● Problem requirements: Your task is to write out the entire listing exactly, omitting its pictures.

● Collected data:
● ● ● ● ● ● ●

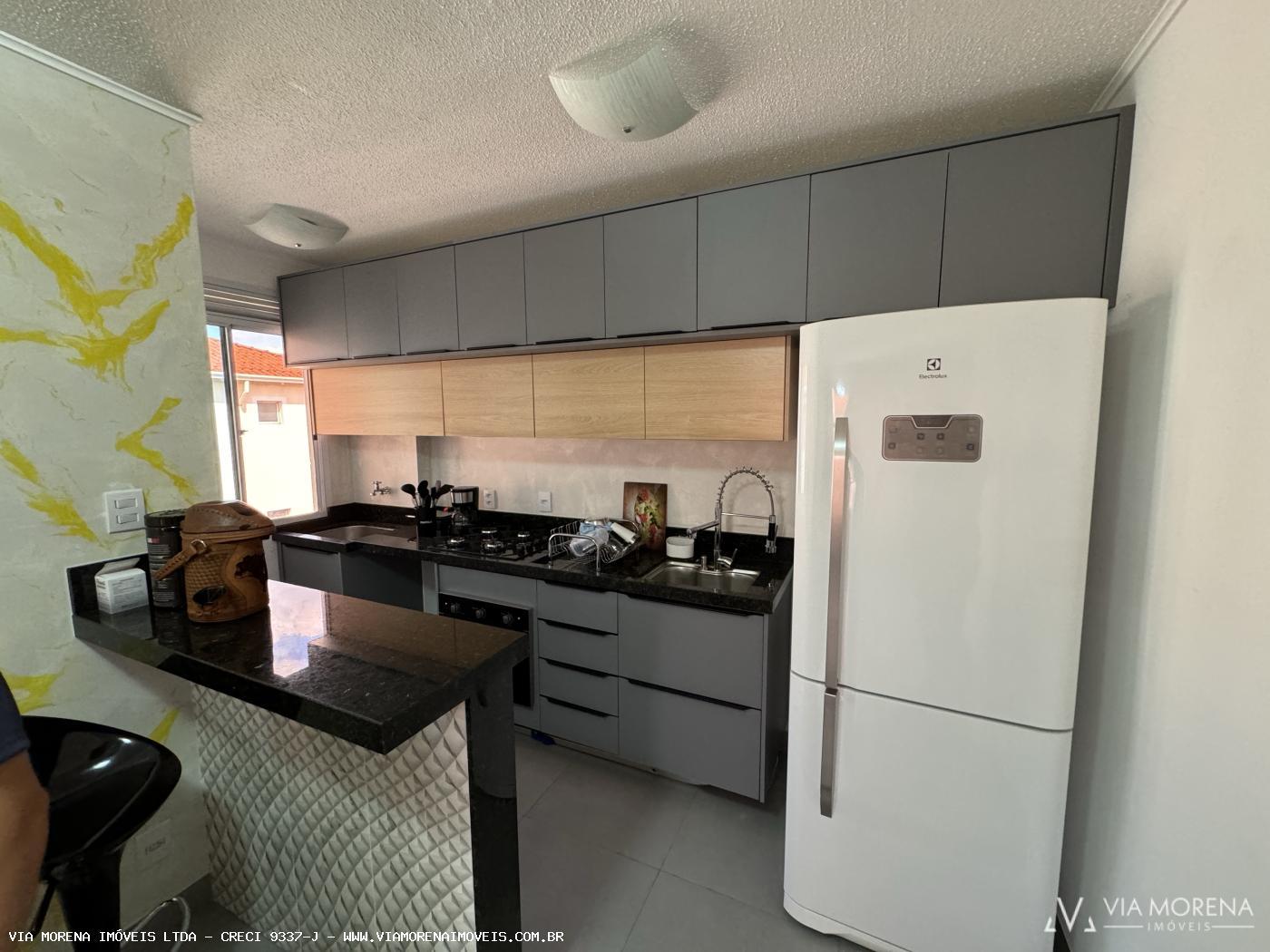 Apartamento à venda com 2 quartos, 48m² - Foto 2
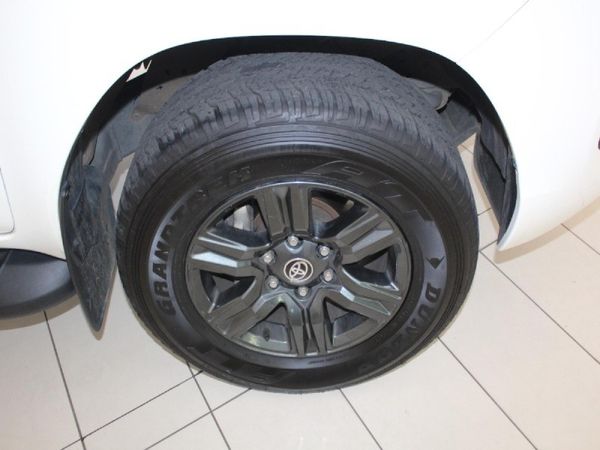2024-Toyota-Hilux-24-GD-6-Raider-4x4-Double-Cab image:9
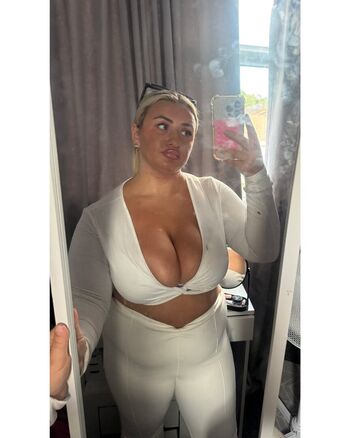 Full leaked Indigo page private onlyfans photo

● ● ● ● ● ● ●

● Result of the exercise:
 Apartamento à venda com 2 quartos, 48m² - Foto 2
2024-Toyota-Hilux-24-GD-6-Raider-4x4-Double-Cab image:9
 Full leaked Indigo page private onlyfans photo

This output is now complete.